Commentators are expecting
Mark Carney, the current governor of the Bank of Canada, to trigger a broad
review of the central bank's policy framework.
But he may have his work cut out as the charts below show how little
effect monetary policy seems to have on the actual money in circulation! Despite Gordon and George’s best efforts
the UK’s M2 (cash in circulation and short term deposits) number has grown at a
consistent rate over the last 10 years, excepting the downward blip in the 2008
credit crisis. Where has they have “spent” £375bn gone?
UK M2 growth |
It seems to me that the UK QE
has merely allowed the banks to take on more and more UK government debt, helping to keep bond prices high but having no
impact on the real economy, other than to keep interest rates artificially low. Maybe the Japanese version of QE combined
with a massive supply side push will have a more profound effect.

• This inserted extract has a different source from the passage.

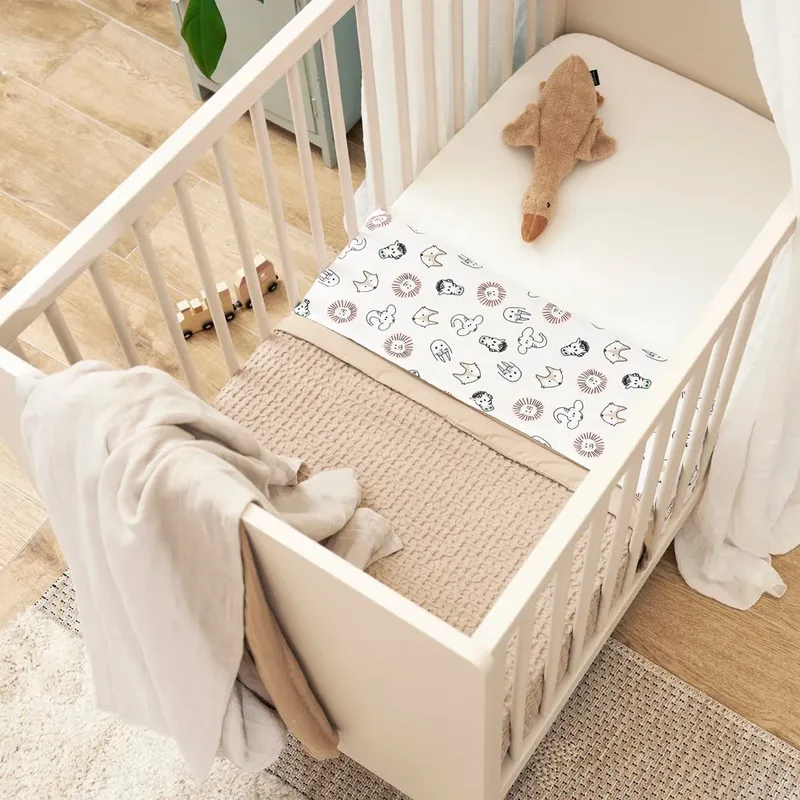 Wafel Katoen Wiegdeken - 75x100cm - 1.0 TOG van Meyco in Sand – productfoto 4 van 6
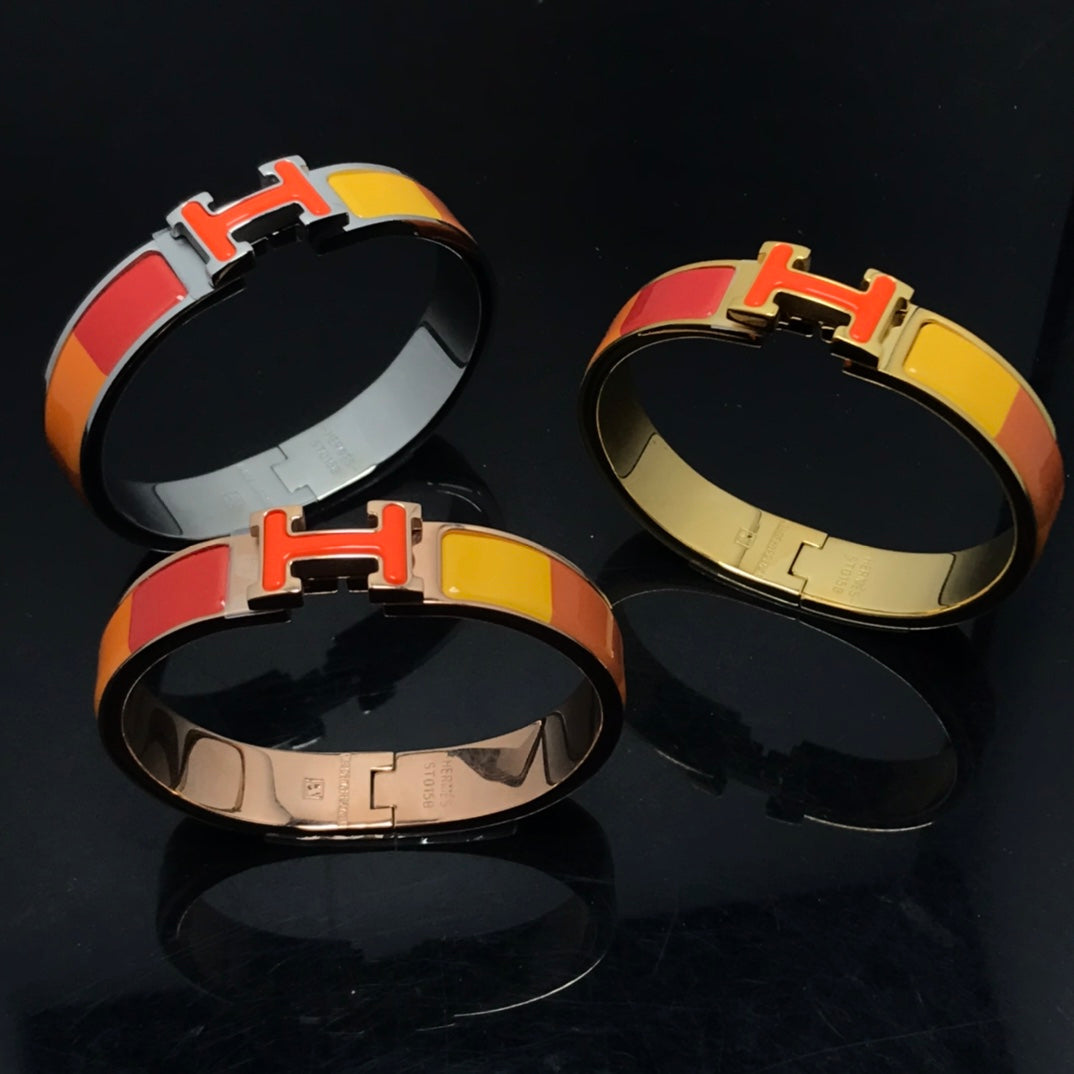 [LunaMar]H BRACELET ORANGE RAINBOW CERAMIC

What surprises me is that more
governments haven’t looked to the demand side (lower taxes on spending and
income) to drive growth and inflation.
Perhaps the best and boldest policy decision since 2007 in the UK was
Brown’s temporary cut in VAT (sales tax) in 2009 this got the money supply
moving again and should probably been kept in place. The £15bn annual cost of this tax cut cost
could have been covered in lower welfare payments and deeper government
spending cuts.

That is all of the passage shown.